# [Exercise]
The expected output is a copy of every line in the records with the string "Suites".

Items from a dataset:
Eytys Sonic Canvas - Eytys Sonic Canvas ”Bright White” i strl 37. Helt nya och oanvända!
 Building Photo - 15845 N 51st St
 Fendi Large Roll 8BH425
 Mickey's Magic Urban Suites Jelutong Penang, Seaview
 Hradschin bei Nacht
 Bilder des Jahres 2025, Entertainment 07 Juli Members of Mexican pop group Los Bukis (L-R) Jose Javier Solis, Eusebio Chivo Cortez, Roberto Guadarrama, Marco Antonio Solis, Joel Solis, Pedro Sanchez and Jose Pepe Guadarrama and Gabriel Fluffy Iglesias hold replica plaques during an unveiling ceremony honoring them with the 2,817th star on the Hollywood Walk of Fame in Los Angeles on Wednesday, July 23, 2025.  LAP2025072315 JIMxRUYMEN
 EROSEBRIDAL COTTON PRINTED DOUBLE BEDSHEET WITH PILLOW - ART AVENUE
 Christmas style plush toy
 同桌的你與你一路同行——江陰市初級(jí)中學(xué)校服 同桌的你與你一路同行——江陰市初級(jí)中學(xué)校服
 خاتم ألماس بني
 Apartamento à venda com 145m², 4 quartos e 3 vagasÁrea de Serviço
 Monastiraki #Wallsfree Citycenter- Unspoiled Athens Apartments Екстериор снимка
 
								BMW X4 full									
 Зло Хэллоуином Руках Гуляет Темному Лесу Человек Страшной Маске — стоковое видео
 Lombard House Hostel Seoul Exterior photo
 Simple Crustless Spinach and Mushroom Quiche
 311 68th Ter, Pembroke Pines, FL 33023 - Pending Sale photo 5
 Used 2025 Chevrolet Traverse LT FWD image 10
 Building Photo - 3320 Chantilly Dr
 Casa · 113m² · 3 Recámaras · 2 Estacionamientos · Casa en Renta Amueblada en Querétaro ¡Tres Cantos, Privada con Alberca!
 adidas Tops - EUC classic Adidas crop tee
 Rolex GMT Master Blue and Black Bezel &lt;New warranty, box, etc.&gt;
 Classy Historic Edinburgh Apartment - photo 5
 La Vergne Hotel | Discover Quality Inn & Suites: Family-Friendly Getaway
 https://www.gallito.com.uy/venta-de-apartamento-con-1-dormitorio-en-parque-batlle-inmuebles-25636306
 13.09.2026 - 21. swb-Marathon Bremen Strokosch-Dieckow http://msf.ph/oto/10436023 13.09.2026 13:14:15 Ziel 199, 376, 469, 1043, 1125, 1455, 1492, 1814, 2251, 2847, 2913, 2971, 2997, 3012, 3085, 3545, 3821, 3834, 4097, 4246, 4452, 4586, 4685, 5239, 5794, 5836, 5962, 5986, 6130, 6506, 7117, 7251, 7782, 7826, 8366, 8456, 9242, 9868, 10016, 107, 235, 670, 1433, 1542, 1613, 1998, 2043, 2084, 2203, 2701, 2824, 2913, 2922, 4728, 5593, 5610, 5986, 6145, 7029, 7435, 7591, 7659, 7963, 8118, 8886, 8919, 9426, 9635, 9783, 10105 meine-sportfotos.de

# [Response for this exercise]
 Mickey's Magic Urban Suites Jelutong Penang, Seaview
 La Vergne Hotel | Discover Quality Inn & Suites: Family-Friendly Getaway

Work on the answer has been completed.